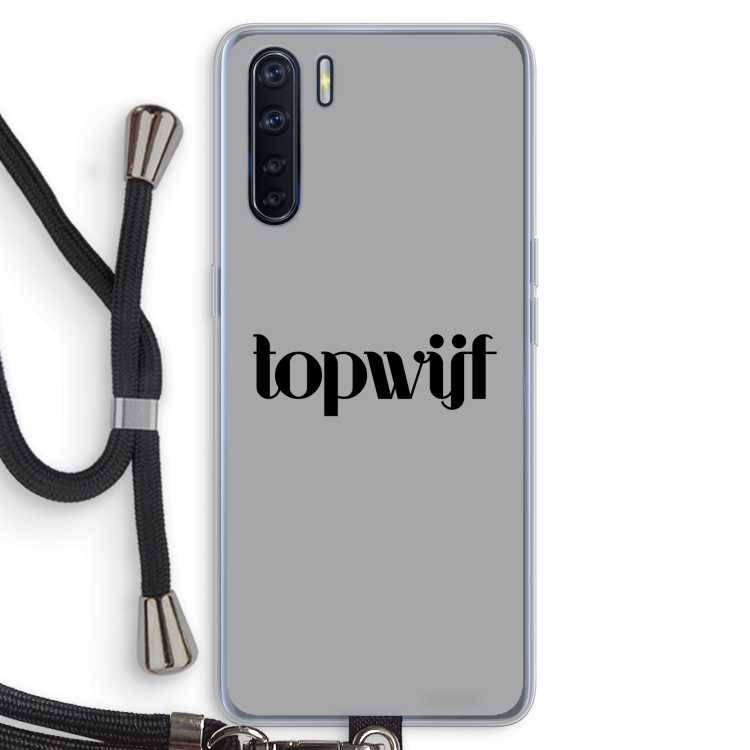 Topwijf Grijs Zwart: Oppo A91 Transparant Hoesje met koord
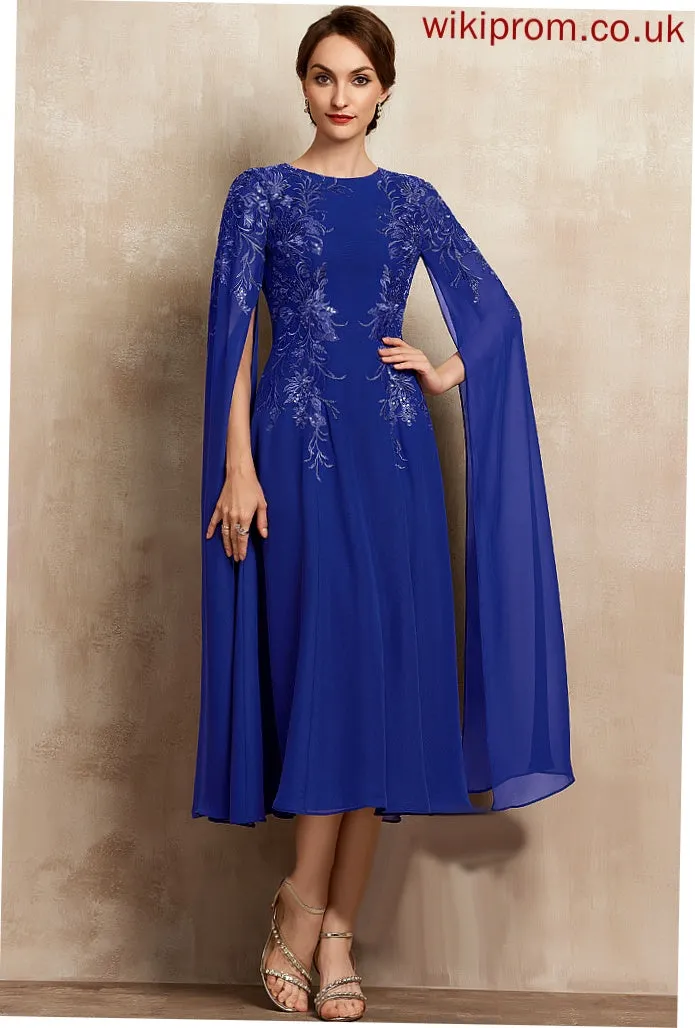 the Chiffon of Mother of the Bride Dresses Neck Samantha A-Line Lace Tea-Length With Bride Scoop Dress Sequins Mother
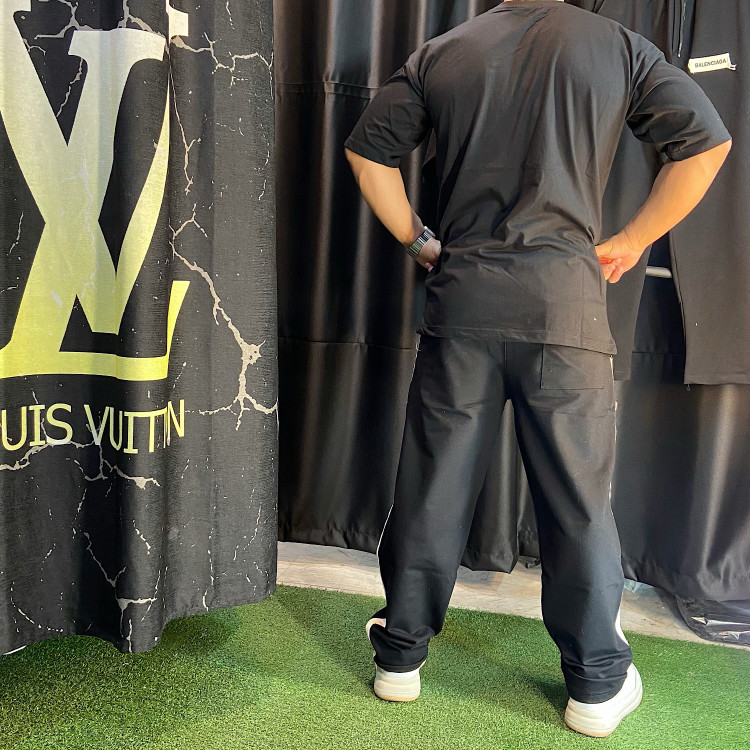 ست مردانه تیشرت شلوار مدل بیسیک نوارکنفی | مشکی نمای پشت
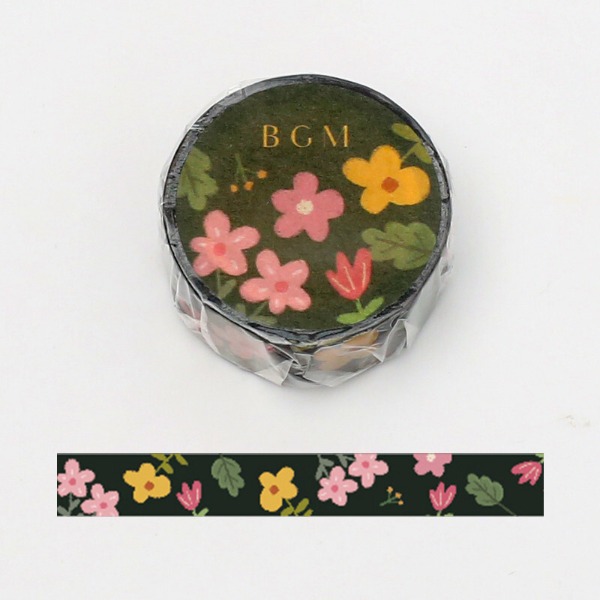BGM 마스킹테이프 15mm : 꽃밭 블랙샐러드마켓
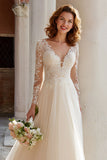 Ivory V-Neck A-Line Lace Appliqued Tulle Court Train Wedding Dress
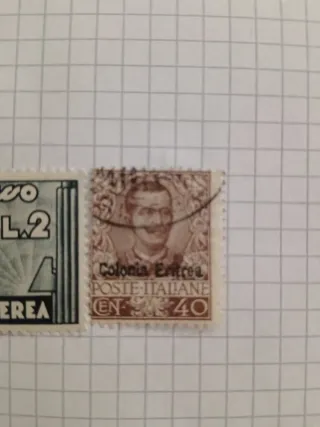 2 Francobolli: Posta Aerea e Colonia Eritrea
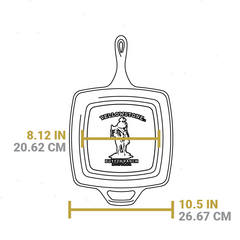 Yellowstone™ 10.5 Inch Square Seasoned Cast Iron Cowboy Grill Pan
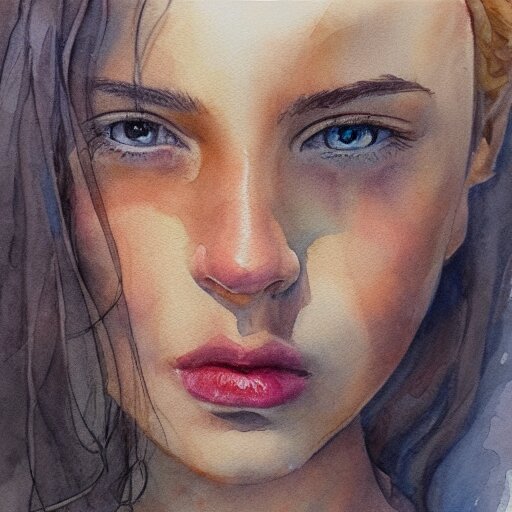 water color on paper, master painter portrait, highly detailed, artstation, masterpiece, award - winning, 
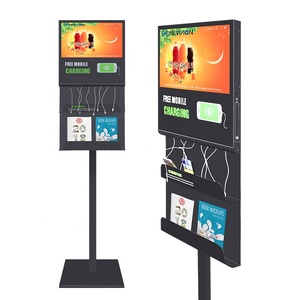 Pantalla Digital Publicitaria de 21.5 Pulgadas con Soporte de Pie, Android, WIFI, CMS en la Nube, Cargador de Teléfono, con Compartimento para Periódicos - Product Image 1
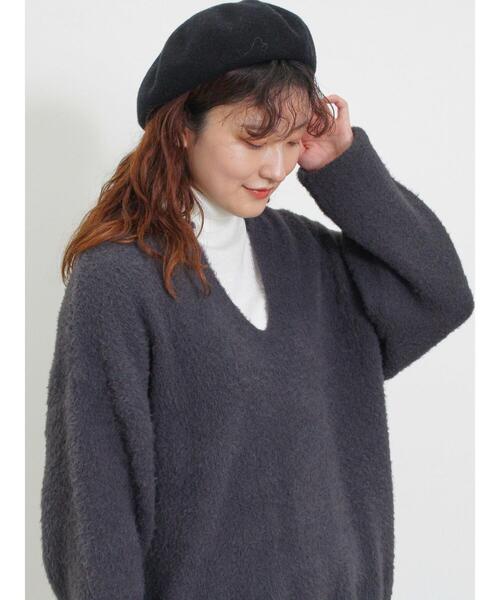 Samansa Mos2(サマンサ モスモス)の「◎シャギーキーネックニット(ニット/セーター・レディース・レッド/チャコールグレー/キナリ/イエロー/ブルー・F)」の2枚目の写真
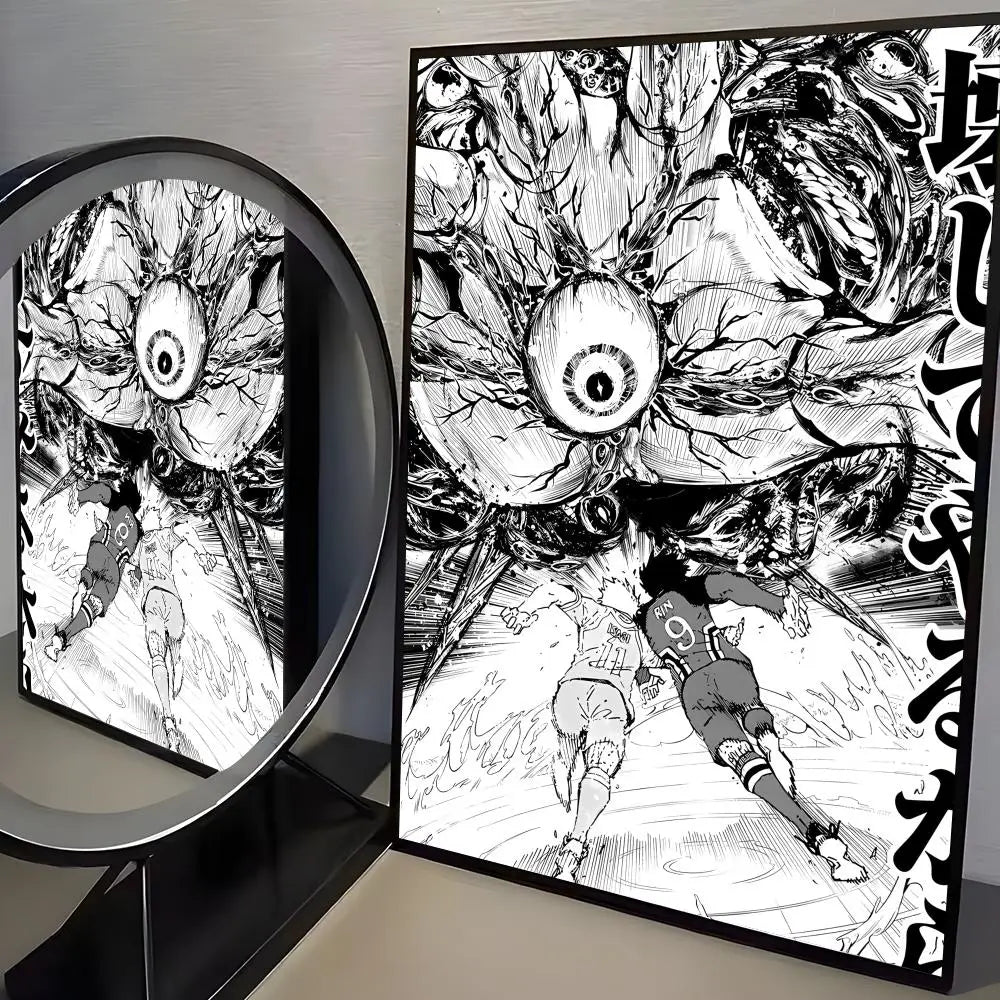 A canvas print featuring a dynamic, black and white illustration of a character in a soccer uniform.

PROBLEM STATEMENT:
Print out every entry above without changing a word, and leave out the pictures.

ANSWER SPACE:
 Topwijf Grijs Zwart: Oppo A91 Transparant Hoesje met koord
 the Chiffon of Mother of the Bride Dresses Neck Samantha A-Line Lace Tea-Length With Bride Scoop Dress Sequins Mother
 ست مردانه تیشرت شلوار مدل بیسیک نوارکنفی | مشکی نمای پشت
BGM 마스킹테이프 15mm : 꽃밭 블랙샐러드마켓
 Ivory V-Neck A-Line Lace Appliqued Tulle Court Train Wedding Dress
 2 Francobolli: Posta Aerea e Colonia Eritrea
 Yellowstone™ 10.5 Inch Square Seasoned Cast Iron Cowboy Grill Pan
 water color on paper, master painter portrait, highly detailed, artstation, masterpiece, award - winning, 
 Pantalla Digital Publicitaria de 21.5 Pulgadas con Soporte de Pie, Android, WIFI, CMS en la Nube, Cargador de Teléfono, con Compartimento para Periódicos - Product Image 1
 Samansa Mos2(サマンサ モスモス)の「◎シャギーキーネックニット(ニット/セーター・レディース・レッド/チャコールグレー/キナリ/イエロー/ブルー・F)」の2枚目の写真
 A canvas print featuring a dynamic, black and white illustration of a character in a soccer uniform.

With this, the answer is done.